My first question would be how does $Q\circ j = j$ imply image of $Q = j(X^*)$. The image of $Q$ equals to $Q(X^{***})$ but I couldn't find such a equality which links $X^*$ and $X^{***}$ together.

My second question would be how could I prove that image of $Q = X^*$ if the image of $Q = j(X^*)$.

Any hints or help would be greatly appreciated. Thank you.

Answer 1

For your first question, $Q\circ j=j$ seems useless. Just say$$Q(X^{***})=j\circ i^*(X^{***})=j(X^*),$$the last equality being due to the fact that $i^*$ is onto since $i^*\circ j=Id_{X^*}$ (or: since $i$ is 1-to-1).

For your second question, the author just makes his original sentence more correct when he replaces his (invalid) ${\rm im}(Q)=X^*$ by his (correct) ${\rm im}(Q)=j(X^*)$. His first rough formulation was motivated by the fact that $j$ is an embedding.

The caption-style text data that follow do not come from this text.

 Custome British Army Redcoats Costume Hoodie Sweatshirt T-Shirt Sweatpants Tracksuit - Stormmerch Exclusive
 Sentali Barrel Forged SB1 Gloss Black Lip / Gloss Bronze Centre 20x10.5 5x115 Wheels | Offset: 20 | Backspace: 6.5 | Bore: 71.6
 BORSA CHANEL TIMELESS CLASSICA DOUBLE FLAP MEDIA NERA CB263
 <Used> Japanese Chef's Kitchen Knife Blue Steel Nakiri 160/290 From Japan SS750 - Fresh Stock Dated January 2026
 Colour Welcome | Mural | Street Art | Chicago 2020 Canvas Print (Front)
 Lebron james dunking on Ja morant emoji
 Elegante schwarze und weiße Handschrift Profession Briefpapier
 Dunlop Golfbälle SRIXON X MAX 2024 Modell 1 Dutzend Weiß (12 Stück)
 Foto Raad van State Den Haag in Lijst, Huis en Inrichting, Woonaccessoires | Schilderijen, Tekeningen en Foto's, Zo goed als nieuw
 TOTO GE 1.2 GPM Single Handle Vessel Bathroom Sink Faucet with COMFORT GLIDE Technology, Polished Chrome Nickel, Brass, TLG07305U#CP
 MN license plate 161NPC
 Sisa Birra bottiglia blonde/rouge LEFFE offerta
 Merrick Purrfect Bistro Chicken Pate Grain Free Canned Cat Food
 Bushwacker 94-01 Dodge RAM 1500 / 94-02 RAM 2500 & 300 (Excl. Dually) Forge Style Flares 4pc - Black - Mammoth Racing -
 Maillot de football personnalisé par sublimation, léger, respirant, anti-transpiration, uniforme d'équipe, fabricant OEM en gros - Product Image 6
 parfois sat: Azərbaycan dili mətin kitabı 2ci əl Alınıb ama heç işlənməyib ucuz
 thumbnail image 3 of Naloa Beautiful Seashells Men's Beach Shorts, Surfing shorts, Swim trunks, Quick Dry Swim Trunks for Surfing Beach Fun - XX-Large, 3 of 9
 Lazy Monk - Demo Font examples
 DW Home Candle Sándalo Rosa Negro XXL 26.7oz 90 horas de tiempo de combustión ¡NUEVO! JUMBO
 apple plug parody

And here is my answer to Surb's new question (in the comments below, about $i^*\circ j=Id_{X^*}$):

• The embedding $i:X\to X^{**}$ (where $X^*$ denotes the topological dual space of $X$, with the strong topology) is defined by $(i(x))(\varphi)=\varphi(x)$.
• Its transpose $i^*:X^{***}\to X^*$ is defined by $i^*(\psi)=\psi\circ i$.
• The embedding $j:X^*\to X^{***}$ is defined the same way as $i$: $(j(\varphi))(\rho)=\rho(\varphi)$. Now,$$[(i^*\circ j)(\varphi)](x)=[(j(\varphi))\circ i](x)=(i(x))(\varphi)=\varphi(x)$$(for all $x\in X$ and $\varphi\in X^*$), hence $i^*\circ j=Id_{X^*}$.